Exercise:
The answer is the line with "Plm 2 iko pantera" and every line after it to the end of the listing, retyped exactly. Pictures do not belong in it.

----

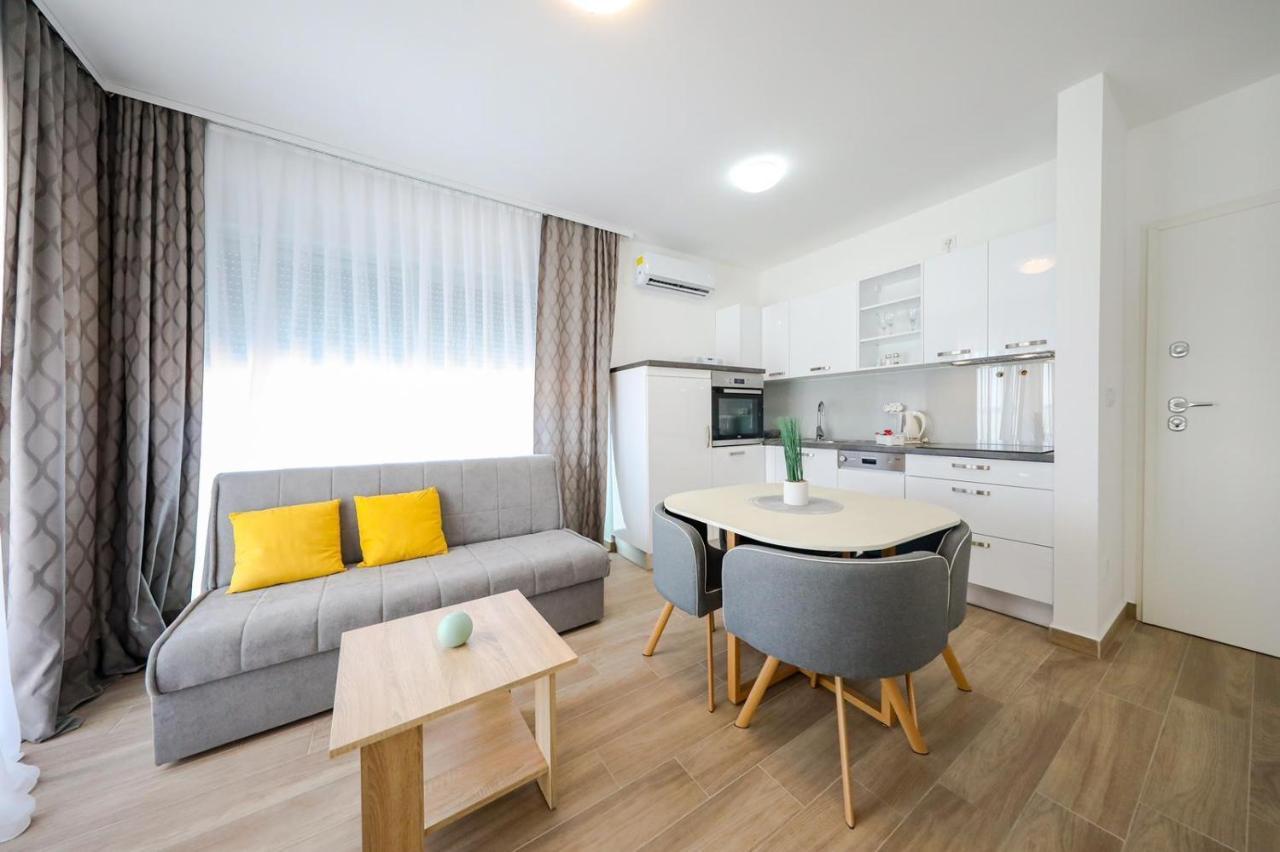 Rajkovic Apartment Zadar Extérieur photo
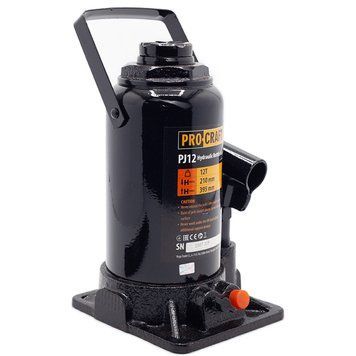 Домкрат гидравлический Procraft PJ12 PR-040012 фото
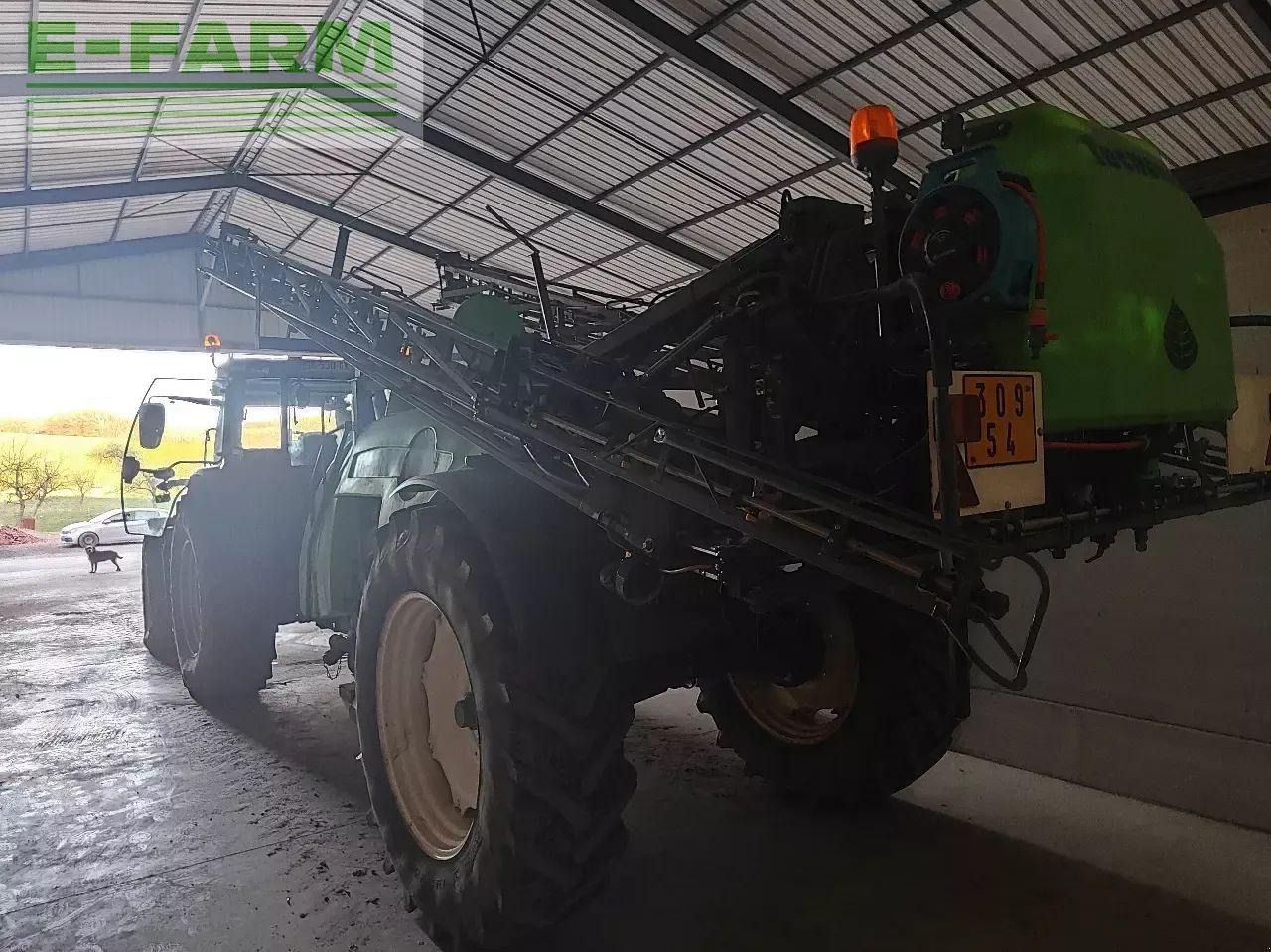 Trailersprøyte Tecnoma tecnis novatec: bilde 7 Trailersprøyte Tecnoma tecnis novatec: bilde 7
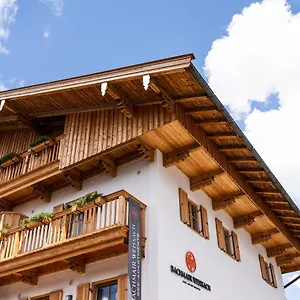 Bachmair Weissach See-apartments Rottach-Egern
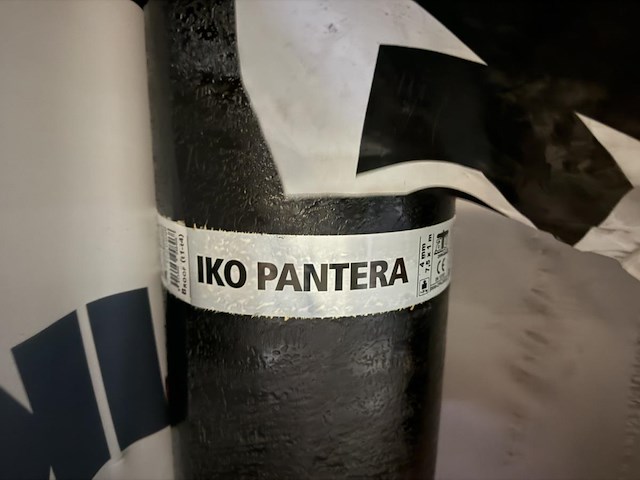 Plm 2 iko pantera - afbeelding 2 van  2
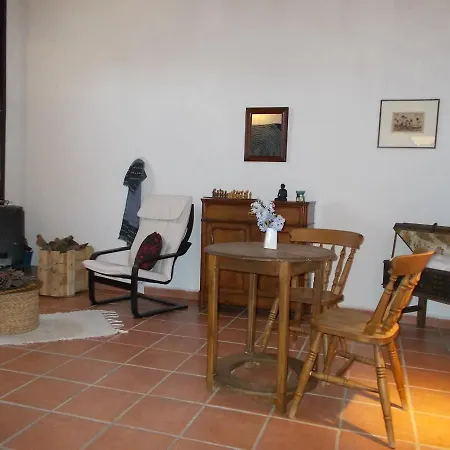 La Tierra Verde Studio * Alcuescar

----

Your solution:
 Plm 2 iko pantera - afbeelding 2 van  2
 La Tierra Verde Studio * Alcuescar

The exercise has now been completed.